蒋云川恢复意识的时候天才刚蒙蒙亮,与此同时时朔的声音也在他的脑海里响起。

先是一句简单的【任务完成】,可下一句却不再是【下一个任务】,而是【最后一个任务】。

蒋云川闻言心跳加速,不由得猜想最后一个任务会是什么,他甚至做好了心理准备,就算时朔要他像谢嘉轩那样在面对所有人的无门槛直播平台露屁眼,他也会咬牙照做。

可惜,时朔给出的最后任务完全超出了他的心理预期,时朔居然要他给发情的公狗配种!不是什么人形犬,而是货真价实的真狗!

不仅如此,他给公狗配种过程也要像昨晚一样直播,就连宣传方式也不再是仅粉丝可见和平台加房间号的模式了,而是要他和即将操他的狗们拍摄几张正常的照片,再以对所有人可见的方式发布,最后配上由直播时间组成的纯数字。

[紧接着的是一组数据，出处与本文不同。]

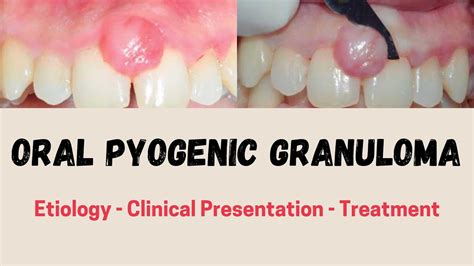 Oral Pyogenic Granuloma Etiology Clinical Presentation Treatment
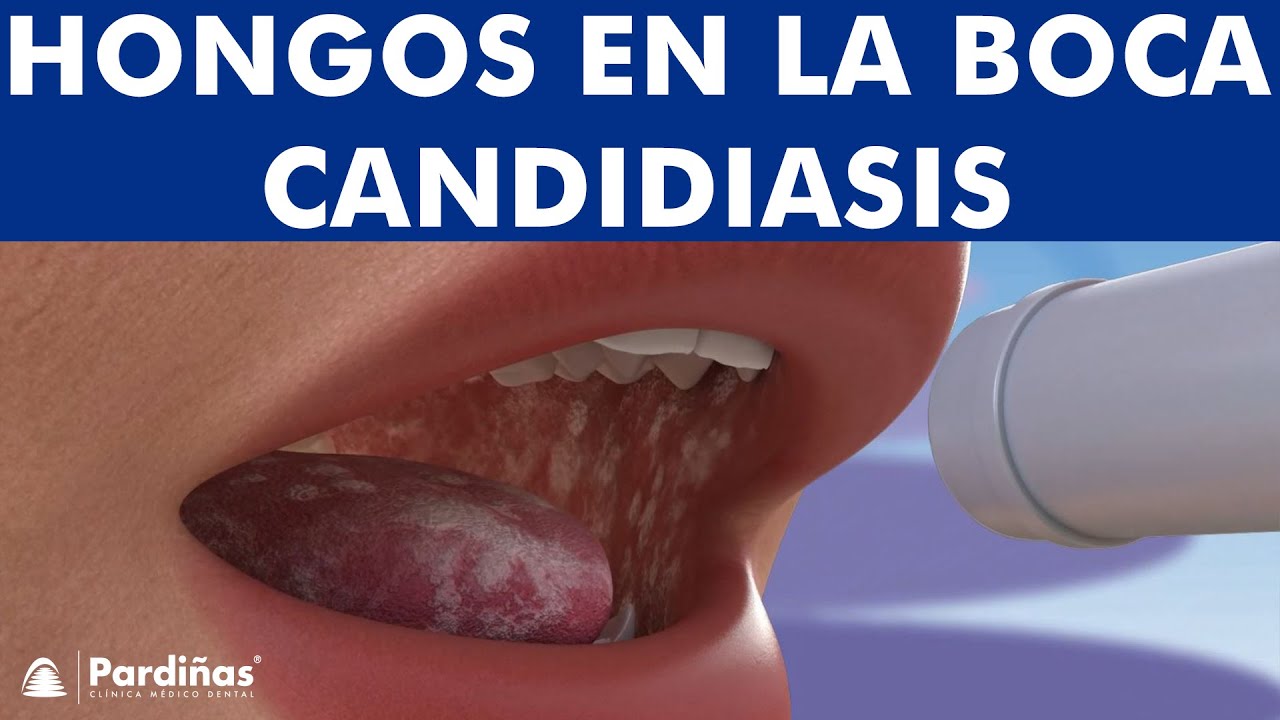 como son los hongos en la boca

蒋云川整个人当场呆住。他从恐同变得习惯靠屁眼高潮,不仅给关系好的发小操了,还给十分厌恶的弟弟操了,现在居然要给狗操?

被操屁眼对于蒋云川而言本就是一件有损男人尊严的事情,如果操他的对象变成狗,那有损的可就不仅仅是男人的尊严了,是连身为人的尊严都不要了!

这可比谢嘉轩的社死程度严重多了!

料到了蒋云川会犹豫的时朔也没有催促,只是给出了应答时限便再次沉默。

如果下午四点前蒋云川没有表态,那就视为放弃任务,游戏结束。

蒋云川的脑子一时之间乱成浆糊。他既不甘心就这么放弃唾手可得的“胜利”,又难以接受成为牲畜的泄欲对象。

他被蒋天耀睡梦中的呻吟惊得回神,匆匆穿好衣服便离开了蒋天耀家。

蒋天耀睡梦中还在被触手奸淫,昨晚已经射空的鸡巴晨勃起来依旧精神奕奕。他本能地翻身想要用床单蹭蹭鸡巴,却被来自鸡巴和屁眼的双重疼痛惊醒。

过度射精的鸡巴仅仅只是被布料触碰龟头就火辣辣的痛,屁眼更是像被撕裂了一样,尖锐的刺痛里还伴随着脉搏一跳一跳的细密胀痛。

蒋天耀醒来的时候意识还没有回笼,他下意识地伸手摸了摸臀缝,手指都没有探到底便碰到了红肿外翻的屁眼,挤在臀缝里比平时高出许多,再肿下去就要高出臀缝了!

蒋天耀的意识瞬间回笼,昨晚的记忆也随之浮现,昨晚他就像是魔怔了一样,被操了也不知道反抗,甚至连操自己的触手究竟是什么东西都不知道!

他倒抽口气爬下床,只要动作稍微大一点,屁眼就会被欠得抽痛的厉害,反倒是鸡巴还好,只要用包皮盖住龟头,再被碰到就没有那么痛了。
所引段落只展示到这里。